In the patients young group, the fold-change of NF-κB mean is 1.33±0.54, in the control young group, the fold-change of NF-κB mean is 1±0.12, in the patients old group, the fold-change of NF-κB mean is1.54±0.42 and in the control old group, the fold-change of NF-κB mean is 1.00±0.30.

The patients young group showed significant higher fold-change of NF-κB levels in comparison to the control young group.

The patients old group showed significant higher fold-change of NF-κB levels in comparison to the control young and control old groups.

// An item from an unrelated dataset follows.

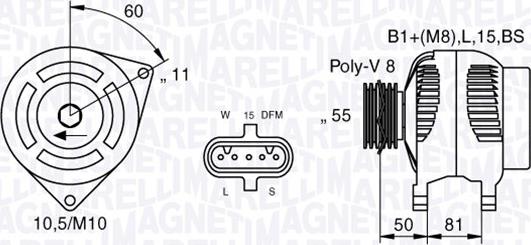 Magneti Marelli 063535550050 - Alternator autospares.lv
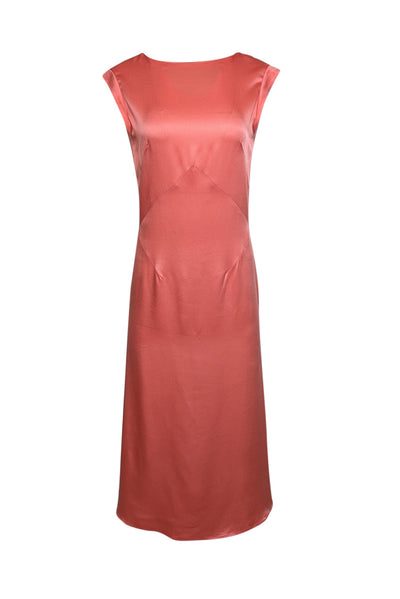 Current Boutique-Tome - Salmon Boat Neckline Cap Sleeve Maxi Dress Sz 4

Gene expression of TLR4 in the PMNC

In the patients young group, the fold-change of TLR4 mean is 1.56±0.6, in the control young group, the fold-change of TLR4 mean is 1±0.38, in the patients old group, the fold-change of TLR4 mean is 1.74±0.46 and in the control old group, the fold-change of TLR4 mean is 1.00±0.18.

The patients young group showed significant higher fold-change of TLR4 levels in comparison to the control young group.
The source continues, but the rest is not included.